→ **Data shown**:
================
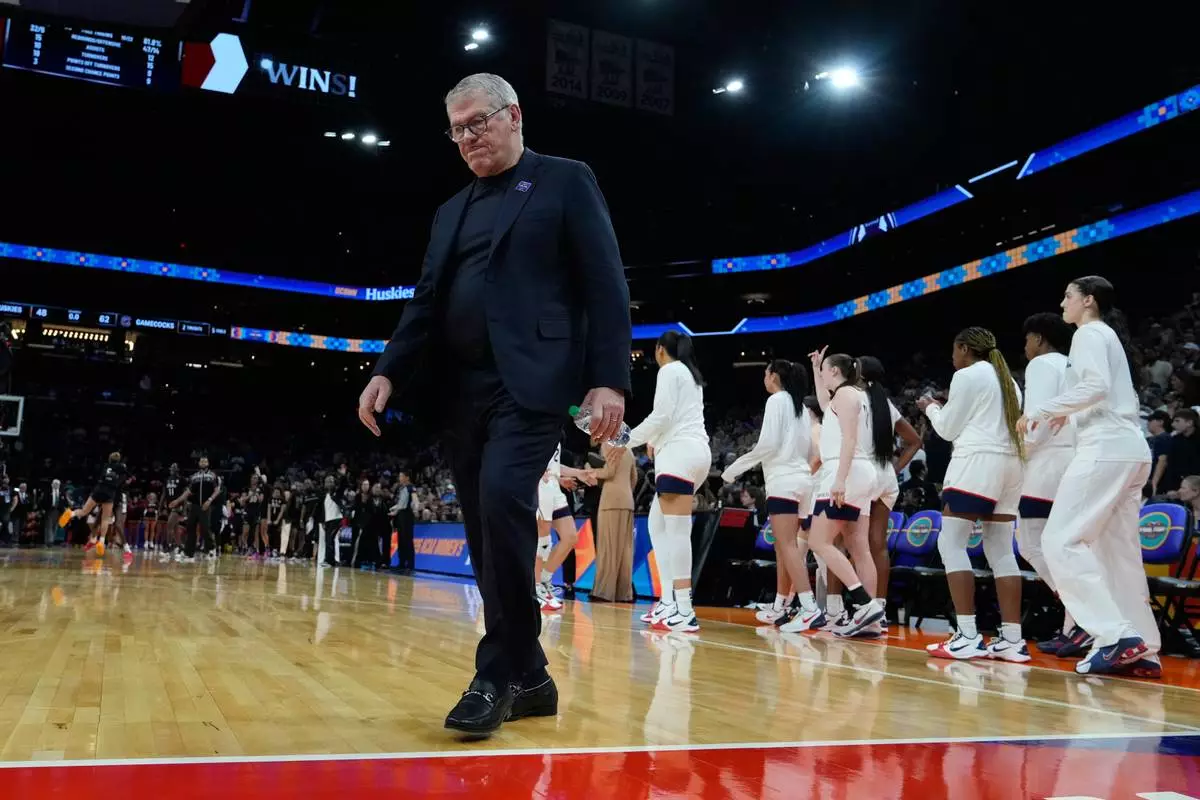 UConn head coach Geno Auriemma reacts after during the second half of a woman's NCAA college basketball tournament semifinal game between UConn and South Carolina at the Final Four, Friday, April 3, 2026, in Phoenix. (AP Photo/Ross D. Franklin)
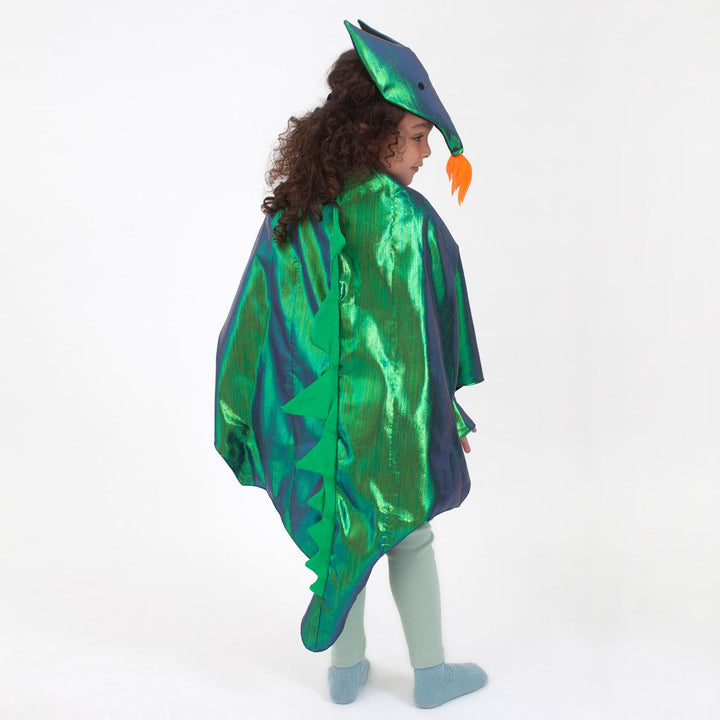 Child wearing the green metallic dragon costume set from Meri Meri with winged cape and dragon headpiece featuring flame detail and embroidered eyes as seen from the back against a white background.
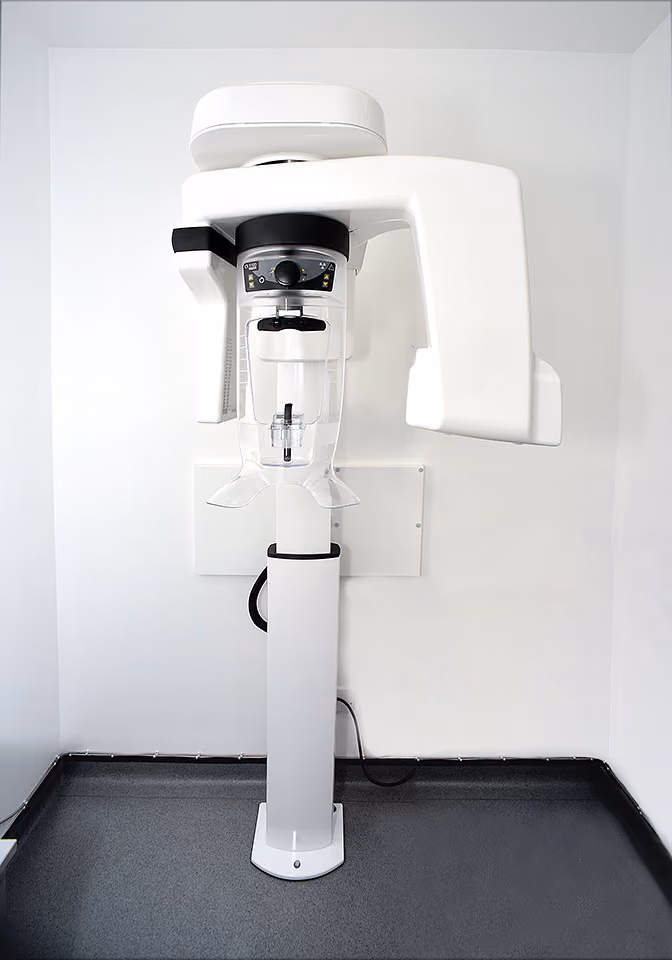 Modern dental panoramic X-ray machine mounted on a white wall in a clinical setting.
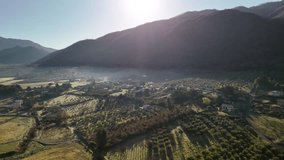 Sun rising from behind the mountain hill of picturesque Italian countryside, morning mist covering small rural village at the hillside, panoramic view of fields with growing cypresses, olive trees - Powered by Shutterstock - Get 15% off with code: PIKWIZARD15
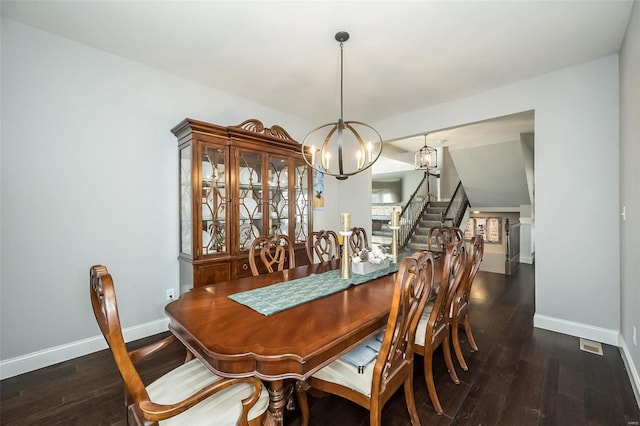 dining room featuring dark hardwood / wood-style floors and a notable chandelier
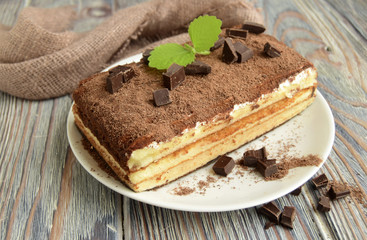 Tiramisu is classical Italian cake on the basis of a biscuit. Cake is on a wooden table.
================
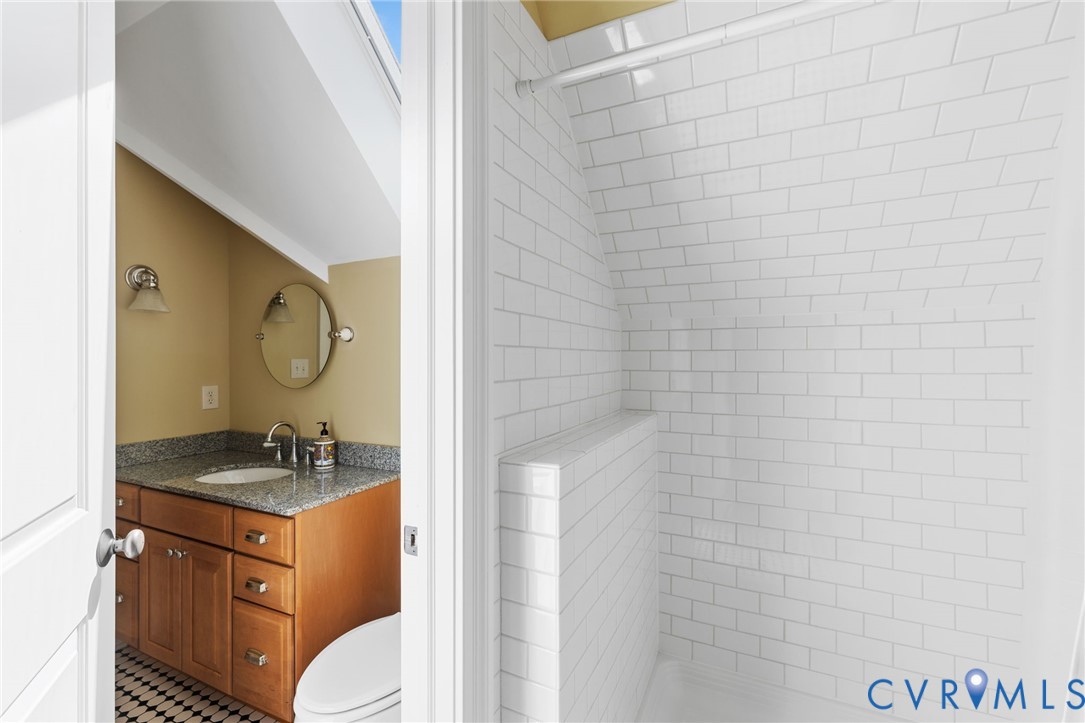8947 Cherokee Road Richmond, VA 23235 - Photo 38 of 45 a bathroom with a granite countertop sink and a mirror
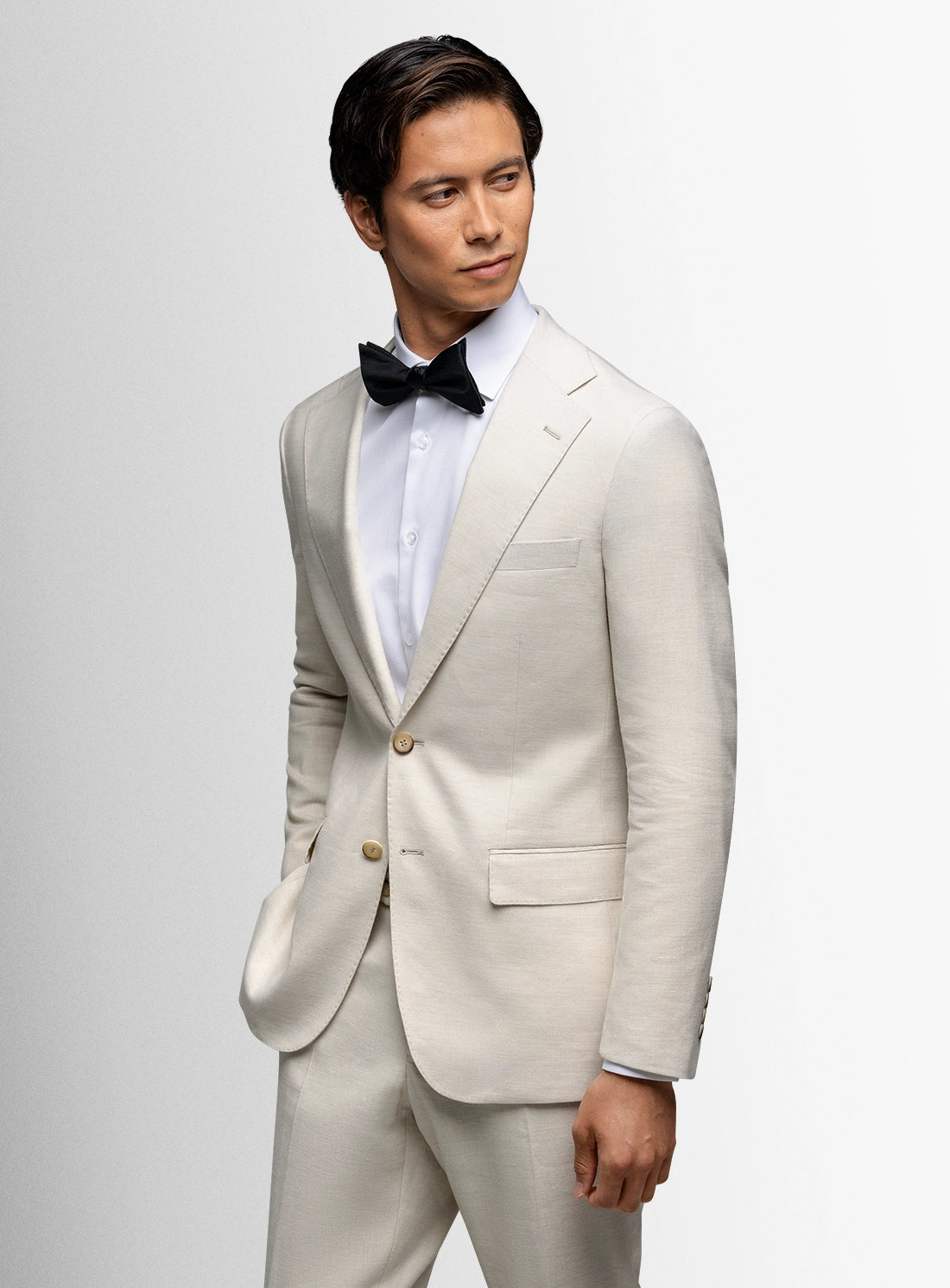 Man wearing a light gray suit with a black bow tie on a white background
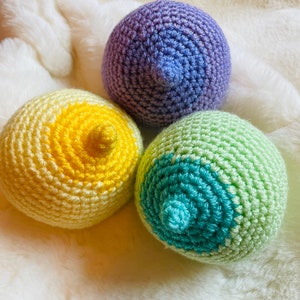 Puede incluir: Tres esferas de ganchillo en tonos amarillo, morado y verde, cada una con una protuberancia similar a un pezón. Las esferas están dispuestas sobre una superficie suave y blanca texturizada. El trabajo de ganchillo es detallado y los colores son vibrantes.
================
→ **Action item**: Produce an exact reproduction of the listing above, limited to the lines starting at the line with "Modern dental panoramic" and ending at the line with "Tiramisu is classical", both kept, with every picture left out.

→ **Response to the task**:
 Modern dental panoramic X-ray machine mounted on a white wall in a clinical setting.
 Sun rising from behind the mountain hill of picturesque Italian countryside, morning mist covering small rural village at the hillside, panoramic view of fields with growing cypresses, olive trees - Powered by Shutterstock - Get 15% off with code: PIKWIZARD15
 dining room featuring dark hardwood / wood-style floors and a notable chandelier
 Tiramisu is classical Italian cake on the basis of a biscuit. Cake is on a wooden table.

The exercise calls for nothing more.